Mumbai - Go First, a low-cost airline in India, has declared bankruptcy protection and, as a result, has cancelled all its flights for the next three days. The company has promised to reimburse all passengers who have been impacted by the cancellations. Go First is the first significant airline in India to go bankrupt since Jet Airways' collapse in 2019. The airline has attributed its financial difficulties to the grounding of many of its planes, which was caused by issues with engines manufactured by US Company Pratt & Whitney.
In a statement, Go First explained that the escalating number of faulty engines supplied by Pratt & Whitney compelled the company to take this action. As a result, approximately 50% of its fleet of Airbus A320neo planes, or 25 aircraft, had to be grounded, resulting in a loss of revenue and expenses amounting to roughly 108 billion rupees (£1 billion; $1.3 billion).

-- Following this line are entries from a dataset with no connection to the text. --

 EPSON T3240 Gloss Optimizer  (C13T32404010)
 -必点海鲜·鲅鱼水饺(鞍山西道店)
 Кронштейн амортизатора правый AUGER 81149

According to the airline, Pratt & Whitney did not abide by an emergency arbitrator's order to provide "at least 10 serviceable spare leased engines by 27 April 2023." In its defense, Pratt & Whitney stated that it is complying with the arbitration ruling from March 2023 and declined to comment further, citing the ongoing litigation surrounding the matter.
Jyotiraditya Scindia, India's Civil Aviation Minister, stated that the Indian government has been providing Go First, owned by the Wadia Group, with all the necessary support. The airline's collapse highlights the intense rivalry within India's aviation industry.

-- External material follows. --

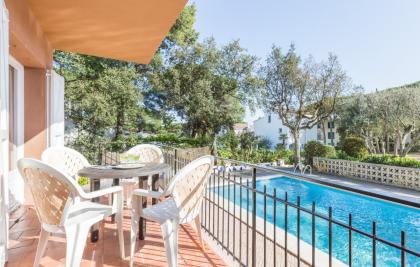 ❤️Ferienhaus 14 Personen privat Pool Spanien Costa Brava Calella de Palafrugell
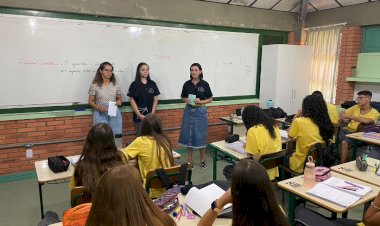 Formação de professores em alta: o compromisso permanente da Unesc com a Educação Básica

The country's second and third largest airlines, Air India and Vistara, declared their intention to merge in November. Meanwhile, in 2019, Jet Airways, one of India's largest airlines, was forced to cease operations due to its struggle with over $1 billion (£800 million) in debt. Despite efforts to restart, the airline has not been able to do so yet due to the lengthy insolvency process it is undergoing.